Down to the final line, print the records below exactly and without pictures.

(EXERCISE INPUT begins)

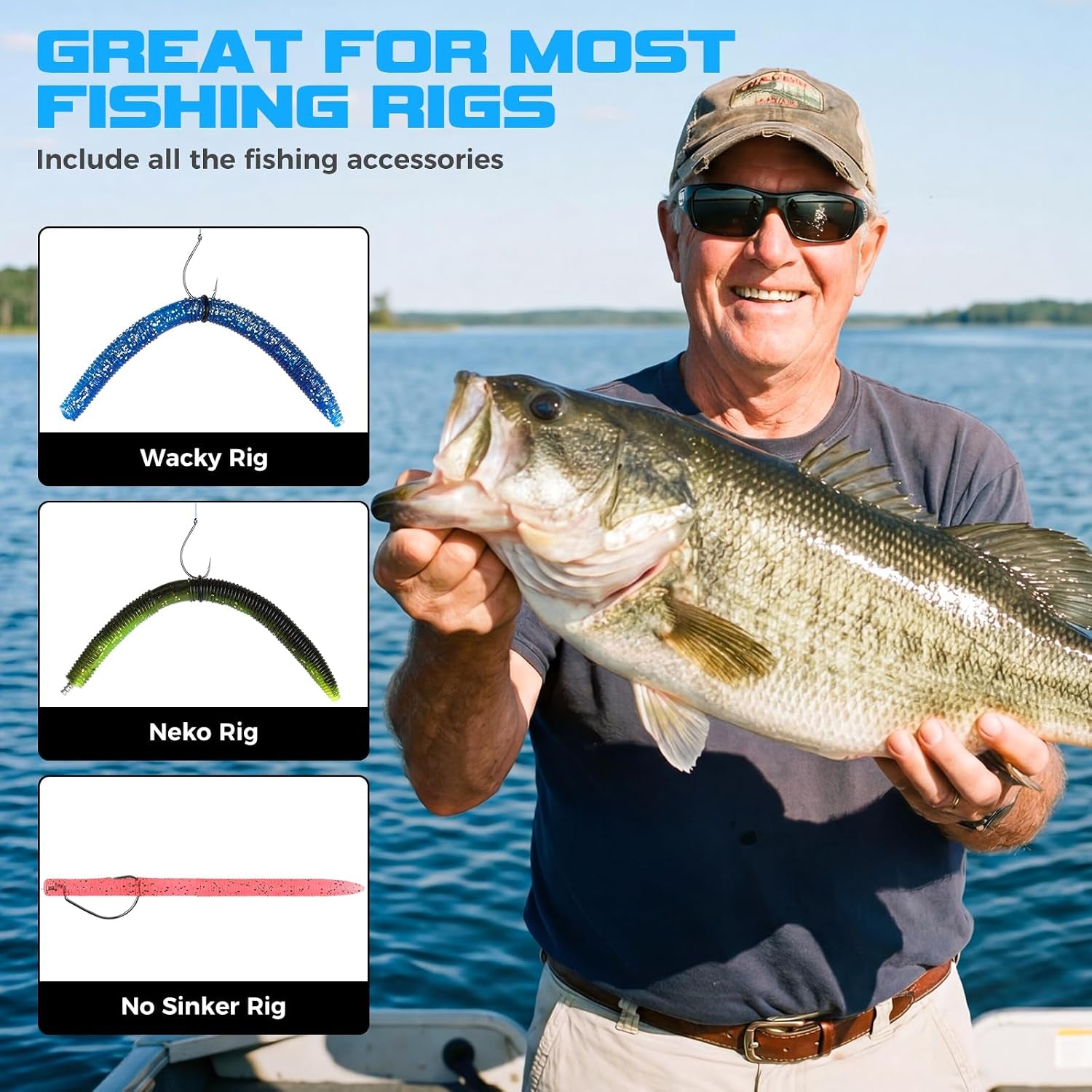 Fishing Lures, Bass Fishing Kit with Wacky Worm, Fishing Worms for Bass Fishing, Soft Plastic Baits with Hooks, Weights, Fishing Accessories, Fishing Gear Fishing Gifts for Men with Tackle Box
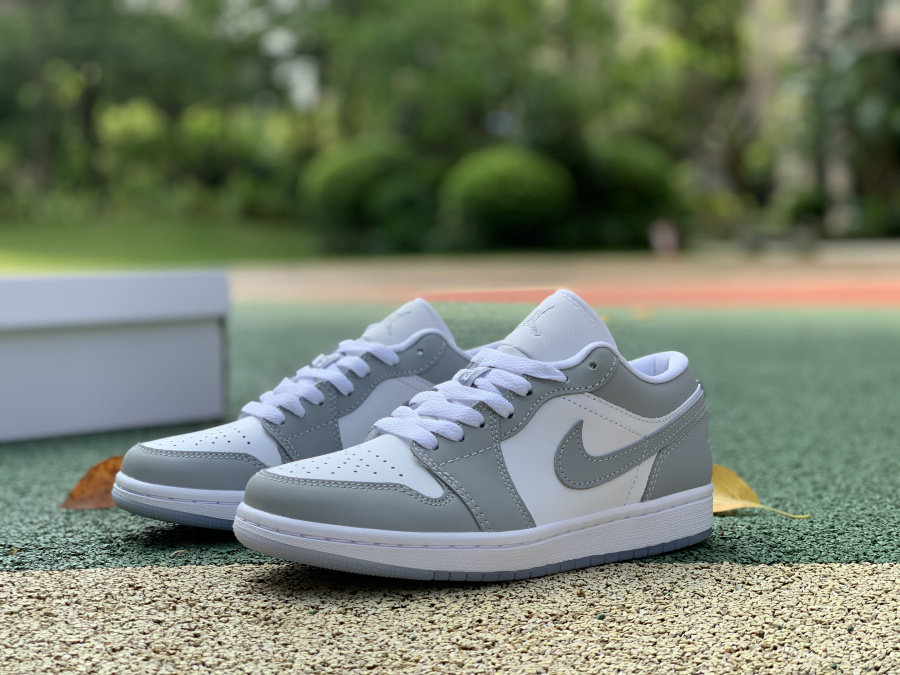mens air jordan 1 low white wolf grey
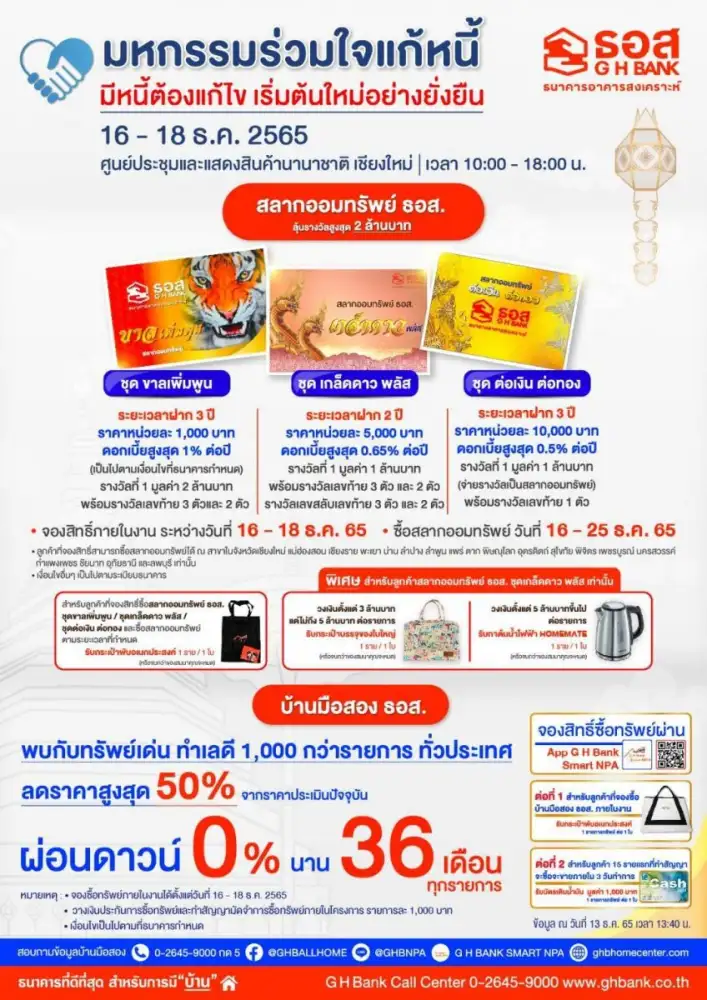 ธอส. พร้อมใจช่วยแก้หนี้ เสริมสภาพคล่องให้ลูกค้าชาวภาคเหนือ ในงานมหกรรมร่วมใจแก้หนี้ฯ สัญจร ครั้งที่ 3 จ.เชียงใหม่ วันที่ 16-18 ธ.ค.2565 นี้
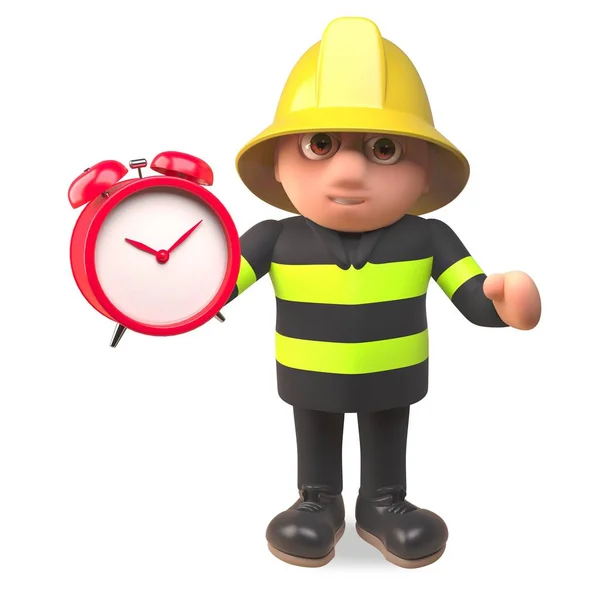 Bátor hős tűzoltóként tűzoltó karakter beállítása az ébresztőórát, 3D illusztráció — Stock Vector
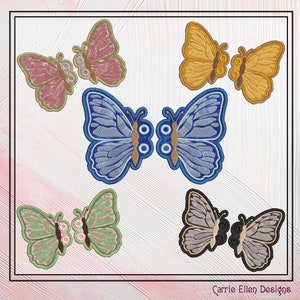 May include: Six embroidered butterfly patches in various colours, including pink, blue, yellow, green, and grey. The patches are all in a similar style, with a simple, elegant design.  Carrie Ellen Designs is printed at the bottom of the image.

(EXERCISE INPUT ends)

WORKED SOLUTION -
 Fishing Lures, Bass Fishing Kit with Wacky Worm, Fishing Worms for Bass Fishing, Soft Plastic Baits with Hooks, Weights, Fishing Accessories, Fishing Gear Fishing Gifts for Men with Tackle Box
mens air jordan 1 low white wolf grey
 ธอส. พร้อมใจช่วยแก้หนี้ เสริมสภาพคล่องให้ลูกค้าชาวภาคเหนือ ในงานมหกรรมร่วมใจแก้หนี้ฯ สัญจร ครั้งที่ 3 จ.เชียงใหม่ วันที่ 16-18 ธ.ค.2565 นี้
 Bátor hős tűzoltóként tűzoltó karakter beállítása az ébresztőórát, 3D illusztráció — Stock Vector
 May include: Six embroidered butterfly patches in various colours, including pink, blue, yellow, green, and grey. The patches are all in a similar style, with a simple, elegant design.  Carrie Ellen Designs is printed at the bottom of the image.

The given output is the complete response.